One of the headline grabbing aspects of the OpenAI and Microsoft partnership, was the $11 billion plus investment by Microsoft, starting with a billion in 2019 and over $10 billion last year.
The partnership has many unique characteristics, not the least of which is the co-existence of a non-profit and profit structure for OpenAI, and capped returns for investors including Microsoft for their 49% stake in the company.
It’s always been clear that billions of those investments would go back to Microsoft’s Azure Cloud business for the massive hardware and software ‘Compute’ infrastructure that OpenAI needed to build and train its current and next generation Foundation LLM AI models from GPT3 to GPT4 and beyond.
So for Microsoft, this investment also means revenues for one of its core businesses, Azure Cloud, that Wall Street values highly relative to larger competitors like Amazon AWS, and smaller ones like Google Cloud, Oracle Cloud, and many other cloud data center providers. (Boxes 2 and 3 in our AI Tech Value Chart below).
This ‘left pocket to right pocket’, ‘boomerang’ money flow is characteristic of most Tech waves in the early ‘Gold Rush’ building phase, and this wave is no different. Investments turn into revenues for given periods of time.
The dollar amounts are much larger this time around, given the scale of investments needed for LLM AI Infrastructure, and the billions of potential customers globally for AI products and services down the road. Both consumer and enterprise customers potentially, showing up in boxes 5 and 6, in our chart above
This separation of investments and revenues is worth pointing out for a couple of reasons. First, these are relatively big dollars for even Microsoft, as will point out below. Second, we are seeing these deals accelerate to many companies besides OpenAI and Microsoft.
On the first point, a new revelation via some court filings this week was the relative size of Microsoft’s Azure business and Amazon AWS. It was smaller than analysts expected:
“Microsoft has never disclosed Azure Cloud revenues; bundled together with Windows Server, SQL Server, Enterprise Services as part of Intelligent Cloud segment.
Azure = $34bn 2022 revenue
AWS = $72bn 2022 revenue
The revelation that Azure was only half the size of AWS, was a surprise.”
So some part of $8-10 billion of Microsoft’s OpenAI investment coming back as Azure business as revenues, is important to note.

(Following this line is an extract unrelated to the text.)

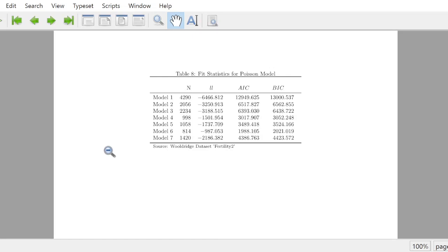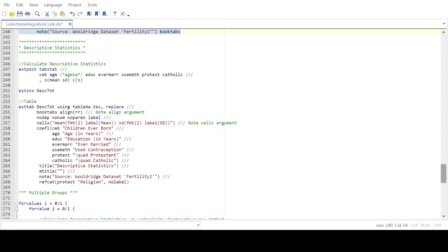Using matrices is incredibly versatile — you can make tables of fit statistics, align things properly, and name elements using matrix operations. It's a very versatile approach to making tables.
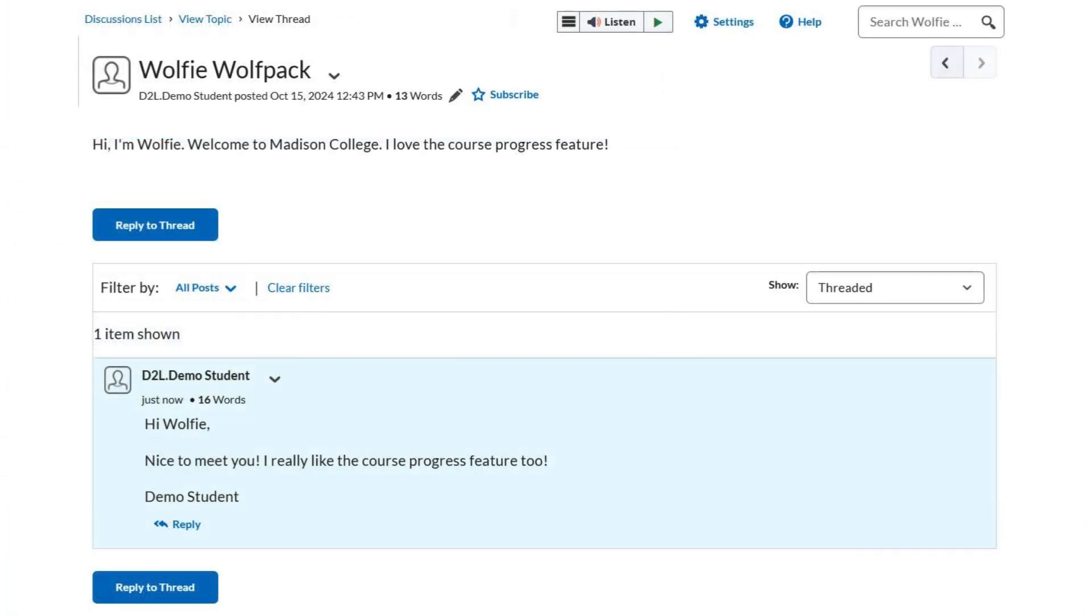If you want to get email notifications for new posts in a discussion topic, click the subscribe icon at the top of the topic page.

This week saw Inflection AI, a new ‘AI Native’ Startup founded by the ex-founder of Google’s Deepmind AI business, raise another $1.3 billion from investors including Nvidia, the company making the critical GPU chips that make the AI magic happen. And the ones that are in short supply at least into next year globally, despite curbs on sales to China (topic for another day).
As Inflection points out, they’re getting at least 22,000 Nvidia top of the line H100 GPUs to build their models, worth hundreds of millions of dollars. And some of the other investors include data center companies like Coreweave, that Nvidia is also an investor in, providing them with the much in demand GPU chips and related ‘Compute’.
We are seeing the same round-trip, or ‘boomerang’ characteristics in this other deal this week by Runway, the leading AI video company, raising $141 million from investors including Nvidia, Google, Salesforce, and other infrastructure providers.
Again, these investment and business deals are all par for the course in every tech wave. And there are more examples. But the details are important to track, especially for public investors, as they compare the infrastructure companies’ business against each other, and sequentially over time (quarter over quarter growth comparisons going forward).